Of course, the sour orange rootstock is the most common Texas citrus rootstock for any number of reasons, but there are others. Knowing the characteristics of the available rootstocks goes a long way in understanding why a grower may prefer one over another one.

Swingle citrumelo is a rootstock known for yielding high volumes of fruit, and it is a very capable rootstock for Texas citrus production. That being said, growers should consider that it is best limited to sandy soils with good drainage.

Heavier soils are much less suitable for this rootstock.
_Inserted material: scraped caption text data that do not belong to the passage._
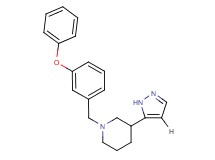1-(3-phenoxybenzyl)-3-(1H-pyrazol-5-yl)piperidine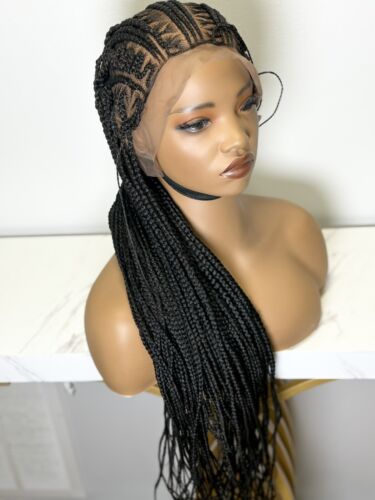Full Lace Zigzag Braid | Braided Wig Black Wig| Ready To Ship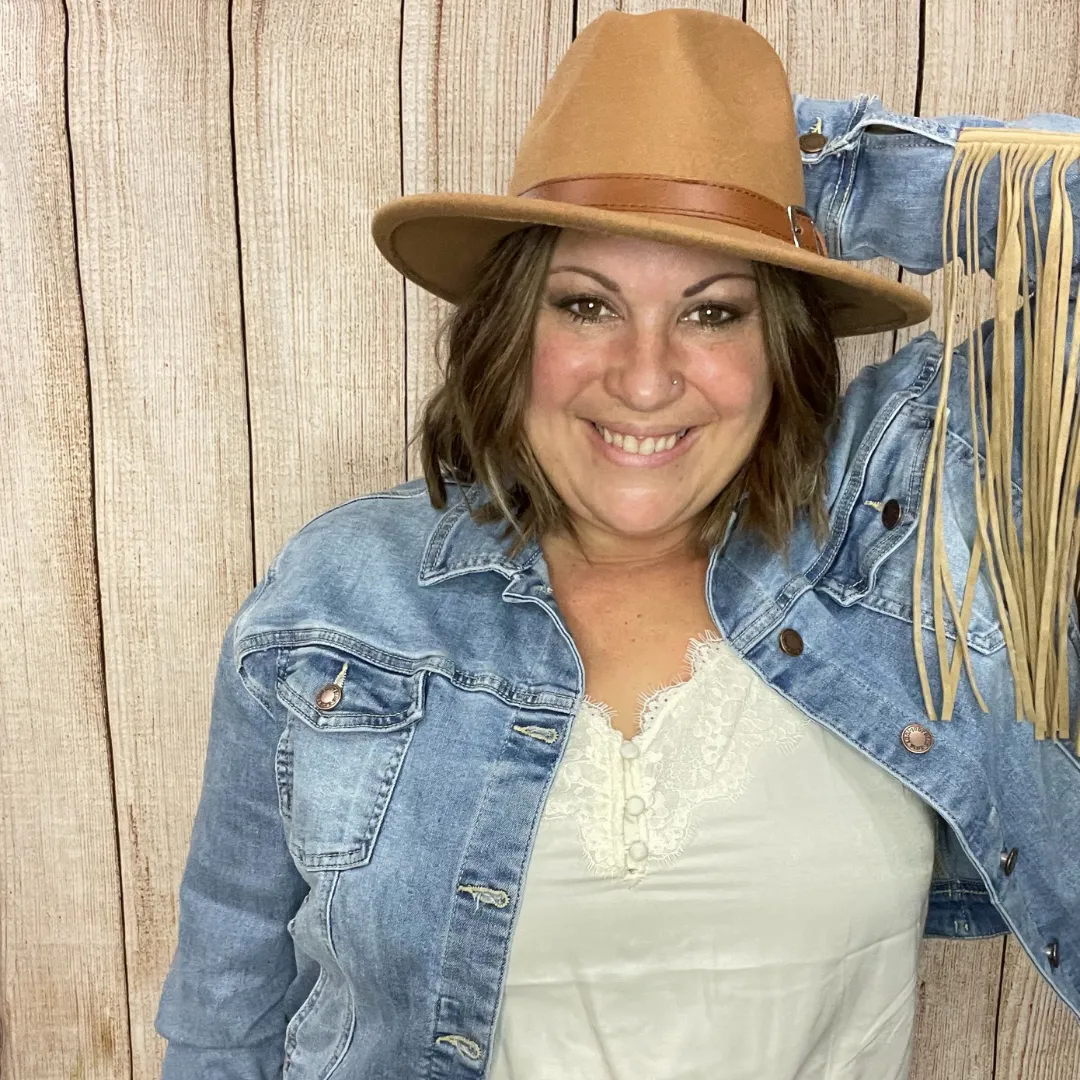 Belted Fedora Hat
Given the right conditions, however, swingle citrumelo provides great resistance to several viruses like xyloporosis and exocortis, and many growers will find success with it.

Citranges are rootstocks that are also very capable of producing good results in many parts of the Rio Grande Valley Ð the Texas citrus region where the state's grapefruits and oranges are grown. Growers should keep in mind that citranges are less tolerant of soil alkalinity than the sour orange rootstock, and are less cold-hardy. Still, a considerable percentage of Texas citrus fruit is produced on a citrange rootstock.

It's the sour orange, however, that is the most common rootstock for Texas citrus like oranges and grapefruits, and there are any number of excellent reasons for this. It's quite cold-tolerant relative to other rootstocks, and it has, for many years, been well-adapted to the climate and soil conditions of the Rio Grande Valley. It may not produce yields as high as swingle citrumelo in all circumstances, but its overall tolerance for conditions like poor drainage makes it suitable for the majority of Texas citrus applications, and upwards of 90% of orchards in the Rio Grande Valley make use of the sour orange rootstock for their production.

While it's unlikely that there will ever be a better Texas citrus rootstock than sour orange, the citranges and swingle citrumelo rootstocks are completely acceptable for growing oranges and grapefruits under the right conditions. Growers, of course, are the experts when it comes to knowing about the particular conditions in their area of the state and what rootstock is most amenable to the kind of fruit they are growing and what they would like their production to be. After all, rootstock is just one consideration among many that a grower must make.